Neural Net Returning a NaN
I loosely trained a neural net for Zr/O on some random atomic structures. When I try to apply that NN to some structures derived from polymorphs of Zr, I often get NaNs for energy.
I’ve attached two similar structures. For the first one the NN works fine, for the other, the NN gives me NaN.
Comments (14)
-
-
reporter Hi Alireza,
The nan’s are occurring in some of the G4 fingerprint calculations for the structure2 I attached. The NN will return a NaN if there is fingerprint that is NaN. I am continuing to investigate.
-
reporter Hi Alireza,
I found the issue!
On lines 113 and 114 of gaussian.f90:
costheta = & dot_product(Rij_vector, Rik_vector) / Rij / Rik term = (1.0d0 + g_gamma * costheta)**g_zeta
costheta can be -1.0000000000000002 due to a rounding error!
If g_gamma = 1.0, you can get a NaN from the exponentiation for term.
Here’s my suggestion for a fix:
costheta = & dot_product(Rij_vector, Rik_vector) / Rij / Rik term = ABS(1.0d0 + g_gamma * costheta)**g_zeta
-
repo owner Should be fixed now: commit 08317ef and the two prior… Thanks for spotting this!
-
repo owner - changed status to resolved
-
repo owner - changed status to open
@Michael Waters wrote to the amp-users list:
Hi Andrew,
Most of my NaNs are gone. The remaining NaNs are fixed by ensuring that costheta can't be larger than 1, like this:
if (costheta < -1.0d0) then costheta = -1.0d0 end if if (costheta > 1.0d0) then costheta = 1.0d0 end if
Maybe Fortran model version 13 was unlucky?
Best, -Mike
-
repo owner Can you send a system that shows the problem? You are the only one I have heard of this problem from, so we need a system that duplicates the error…. I think the other system must have only encountered the “-1” region. Also, it would be much appreciated if you could make the system minimal. We do our debugging in the pure-python version of Amp, and your previous structure was quite large, making that process a bit cumbersome. If you could search through your problematic structure to find which atom combination is causing the problem, you can just extract those atoms and make a new smaller system that hopefully still has the problem. Ok?
P.S. I’m struggling to figure out why you would ever encounter costheta = 1.0. Doesn’t this mean that theta is 0? How would this happen other than having two atoms in the same place?
-
reporter I think I know, the spacing looks like this center----> atom1 ----> atom2.

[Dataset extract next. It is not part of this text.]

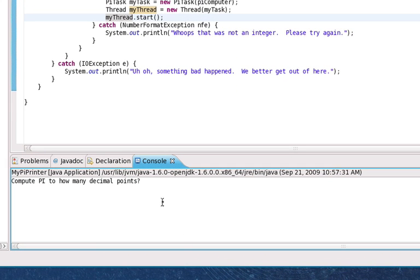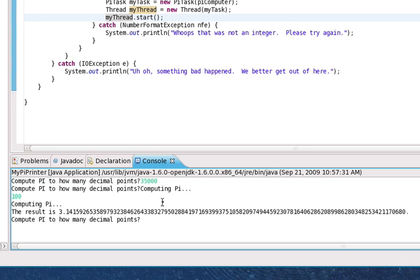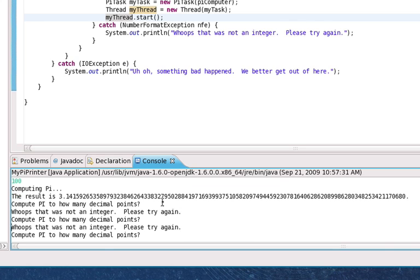So we come down here and let's type in 35,000, for example. All right, so now that's off running and if I enter 100, you'll still see that I can interact with the system here.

How should I send you my files?
-
repo owner Oh right, they are in a line on the same side of the atom; if the cutoff radius is big enough this can occur. It's early in the morning in Copenhagen at the moment and my caffeine hadn't kicked in!
You can just upload a trajectory to this issue page, like you did when you reported the issue originally.
-
reporter - attached beta-Zr-NaN-test.traj
-
reporter - attached Zr-O.amp
-
reporter Do you need anything else?
-
reporter Oh some info might help. This is a scan of energy-volume for BCC Zr. The first 3 images should give NaNs.
-
repo owner I can’t open the trajectory file you attached. My error is below. I’m using the latest version of ASE. Does it open correctly on your end? Perhaps you can re-upload it and maybe save it as an extxyz file as backup, since that’s plain text.

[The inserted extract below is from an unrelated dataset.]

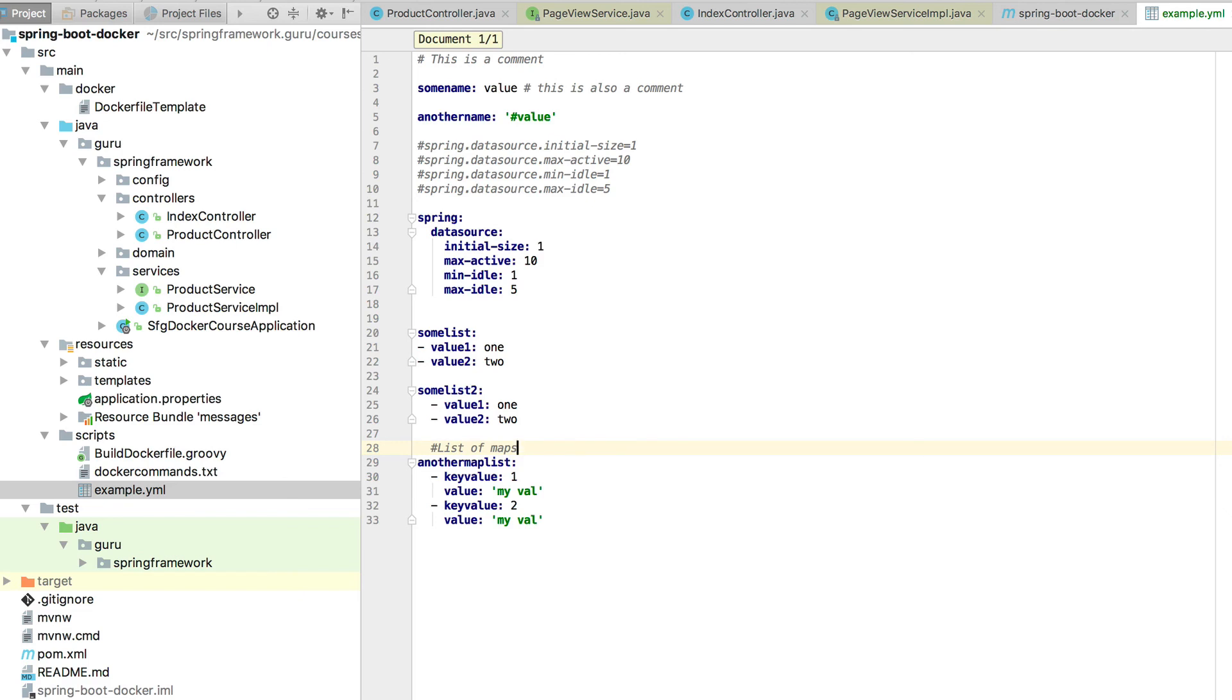So this concludes my little crash course on YAML in case you weren't familiar with it. That's probably about everything you're going to need for creating Docker compose files.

$ ase -T gui beta-Zr-NaN-test.traj Traceback (most recent call last): File "/home/aap/Dropbox/repositories/ase/bin/ase", line 3, in <module> main() File "/home/aap/Dropbox/repositories/ase/ase/cli/main.py", line 99, in main f(args) File "/home/aap/Dropbox/repositories/ase/ase/gui/ag.py", line 68, in run images.read(args.filenames, args.image_number) File "/home/aap/Dropbox/repositories/ase/ase/gui/images.py", line 182, in read self.initialize(images, names) File "/home/aap/Dropbox/repositories/ase/ase/gui/images.py", line 125, in initialize self.maxnatoms = max(len(atoms) for atoms in self) ValueError: max() arg is an empty sequence
- Log in to comment
Mike, could you put a couple print statements in the source code (say here) to see what exactly gets NaN in the code? Is it fingerprints (the input of the model) or the output of the model?